Neoliberal Hegemonyanın Aracı Kent

1980’ler ile başlayıp 2000’lerde kente müdahaleler ile gücünü ve hızını artıran neoliberal sistem kent formundan, siyasete, bireyin yaşamına, mekânı kullanımına kadar birçok yapıyı değiştirmiştir. Bu değişim aslında yeni değildir. Kentler her daim siyasetin odağında yer almıştır. Neoliberalist dönem için söylenebilecek olan kentin her konumda projelendirilmeye ve yapılaşmaya hazır hale gelmesinden dolayı neoliberalizmin kentleşmesi olarak adlandırılacağıdır.[7] Siyaset ve sermaye güdümlü hegemonyada kent artık ana nesne konumuna gelmiştir. Lefebvre, bu bağlamda mekânı canlı bir varlık ve devletin önsel bir koşulu olarak görür. Mekân, sahip olduğu anlamlarını kullanımına göre kazanır: Toplumsal mekân, piyasa mülkiyet ve üretim ilişkilerinin aracı olan mekân, üstyapının ve teknik bilginin merkezi olarak mekân gibi.[8] Mekânın politika ve ideolojinin stratejik alanı ve temsili olması yeni bir durum değildir. Homojen ya da nesnel olarak görülen mekân bile bir toplumsallığın ve tarihin ürünüdür. Tarihi yazanlar mekânın üretiminde sömüren ve sahip olan sınıftır.[9] Kentin yapılanmasında tüketim faaliyetlerini merkeze alan Castells kent içerisinde bir üretimden bahsetmek için kollektif tüketim mekânları olmalıdır vurgusunu yapar ve konut, ulaşım, sağlık eğitim hepsi birer araçtır, kentte tüketime kolaylık sağlayarak katkıda bulunurlar diye açıklar.[10] Zukin de Castells ile benzer şekilde, tüketim, birey, mekân üzerinden hegemonya tanımlaması geliştirmiştir. Kent yaşamının ekonomik aktiviteleri ve bunun sembolik kültürünü içerdiğini bunun da bir mağazadan ulaşım araçlarına kadar birçok yerde oluşabildiğini ve bireyin yönelimine bakarak tüketime ilişkin alışkanlıklardan yola çıkarak kent kültürü hakkında bilgi sahibi olunabilir görüşünü savunur. Zukin’e göre, ekonomik ve politik güce sahip olan sınıfın kentte kamusal alanlardan, özel ya da kamu olsun hangi yapının hangi mekâna kurulacağına karar verdiğini ama farklı sınıflardan bireylerin hangi alanları kuşatacağı, hangi alanların kısıtlı hangi alanların özgür olacağı açık uçlu ve tartışmalıdır.[11] Harvey, 1980’lerden itibaren kentsel politikaların oluşturulmasında bir parantez açar. Büyüme ve girişimci odaklar olarak tayin edilen müteahhit ve finans sektöründeki spekülatörler kentsel kaynakların proje amaçlı yapılandırılmasından sorumlu olmuşlardır. Sistem mekânsal eşitsizliklere ve geri kalmış mekânlara çözüm üretmektense sermaye sınıfının inisiyatifine bırakılmıştır.[12]

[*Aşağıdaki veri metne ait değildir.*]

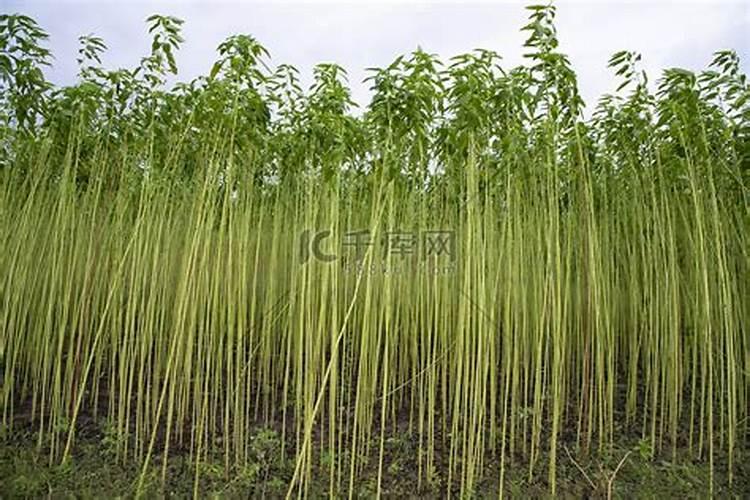 什么肥料含钾最高,含钾的肥料有什么作用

1980 sonrası için devletin rolü daha çok sermaye eksenindeki akışın asayişi üzerine yoğunlaşırken sosyal politika açısından zayıflaması da bireyleri barınmadan istihdama, hatta güvenlik konusuna kadar daha fazla tek başına olduğu bir duruma terk etmiştir. Piyasanın ve kontrolör olarak devletin yönetici ortaklığında ortaya çıkan hegemonya, makroformda bir kent yaşamı dizayn ederken katılım ve haklar açısından kendi haline bırakılan bireyin deneyimleri daha problematik, yıkıcı etkileri içeren bir hale geldiği için psikolojik durumu, hakları, tercihleri ve kentte ayakta kalabilmek için geliştirdiği stratejiler daha detaylı incelenmelidir.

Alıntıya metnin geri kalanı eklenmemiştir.